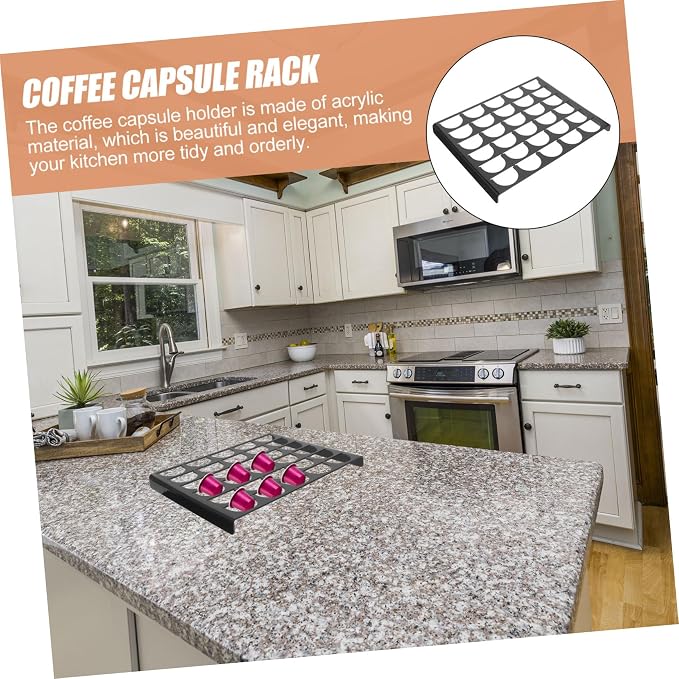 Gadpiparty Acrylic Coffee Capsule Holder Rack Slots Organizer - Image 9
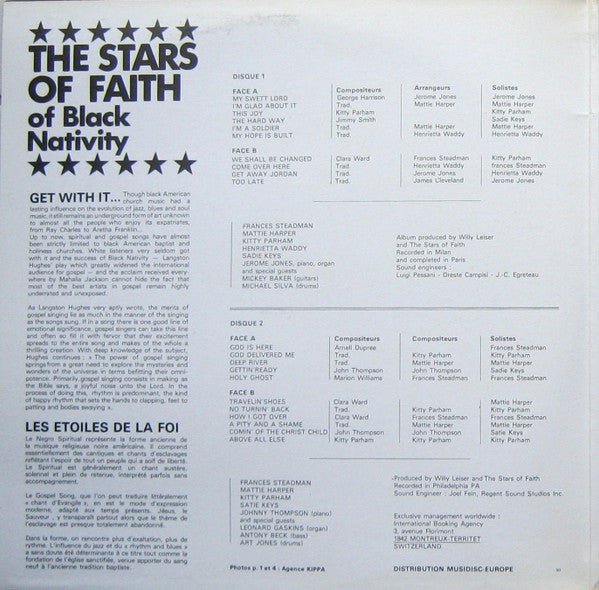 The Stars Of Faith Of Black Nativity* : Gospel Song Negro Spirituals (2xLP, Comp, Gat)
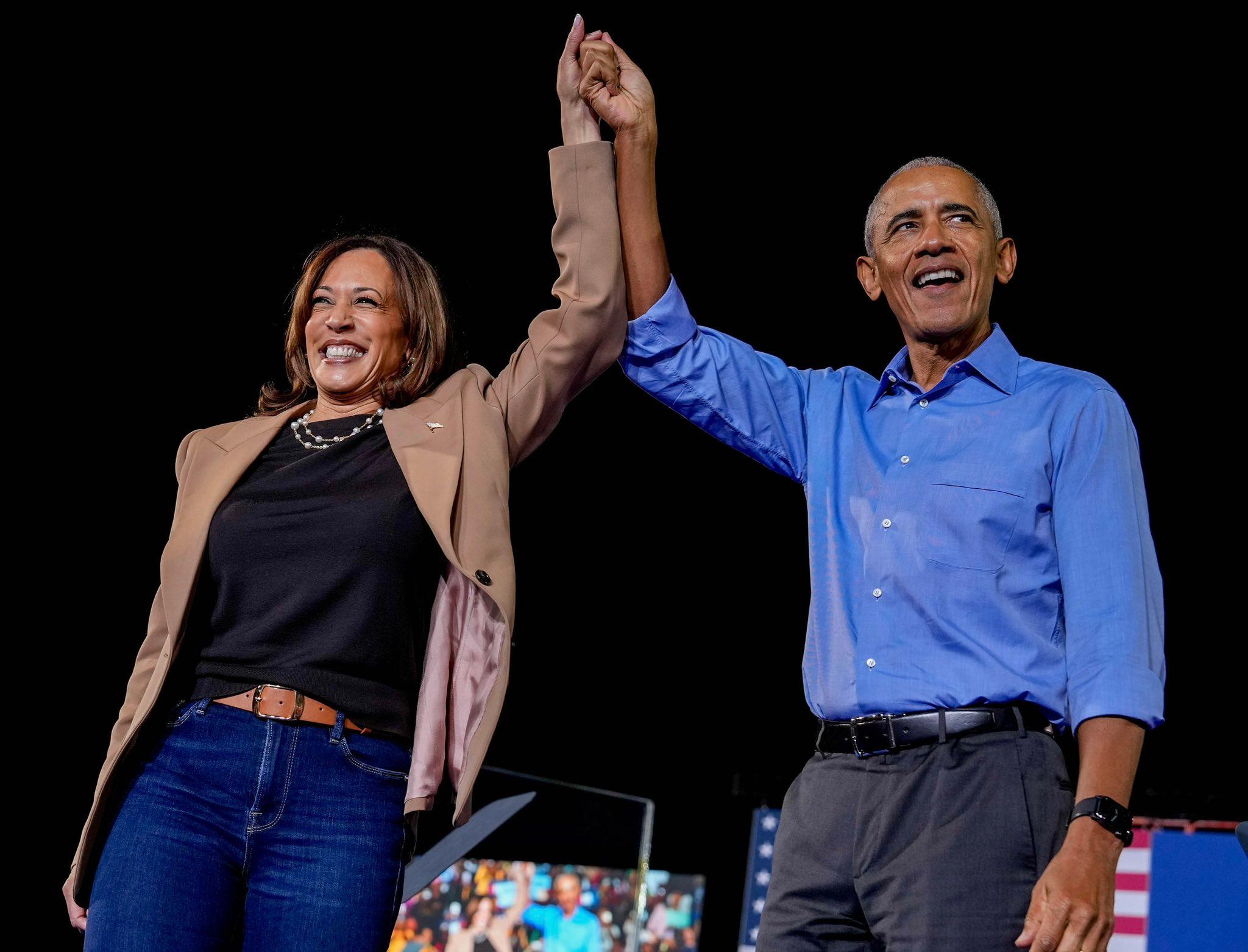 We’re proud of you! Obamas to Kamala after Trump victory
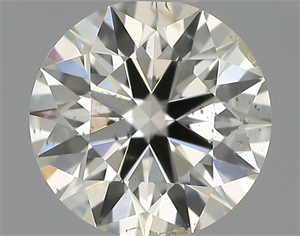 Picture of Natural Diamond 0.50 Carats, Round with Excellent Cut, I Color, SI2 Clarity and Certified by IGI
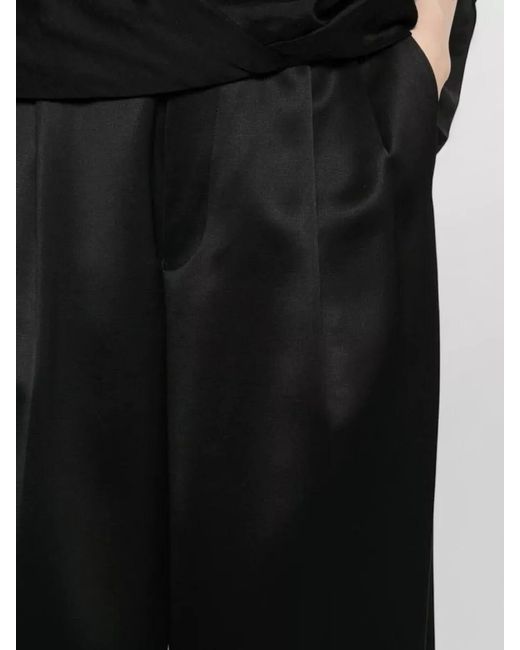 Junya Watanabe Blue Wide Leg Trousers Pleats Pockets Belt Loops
+++
◆ WHAT YOU HAVE TO DO: No pictures should appear in the copy. Reproduce exactly the lines from the line containing "We’re proud of" through the last line of the data, inclusive.

◆ FINISHED EXERCISE:
 We’re proud of you! Obamas to Kamala after Trump victory
 Picture of Natural Diamond 0.50 Carats, Round with Excellent Cut, I Color, SI2 Clarity and Certified by IGI
 Junya Watanabe Blue Wide Leg Trousers Pleats Pockets Belt Loops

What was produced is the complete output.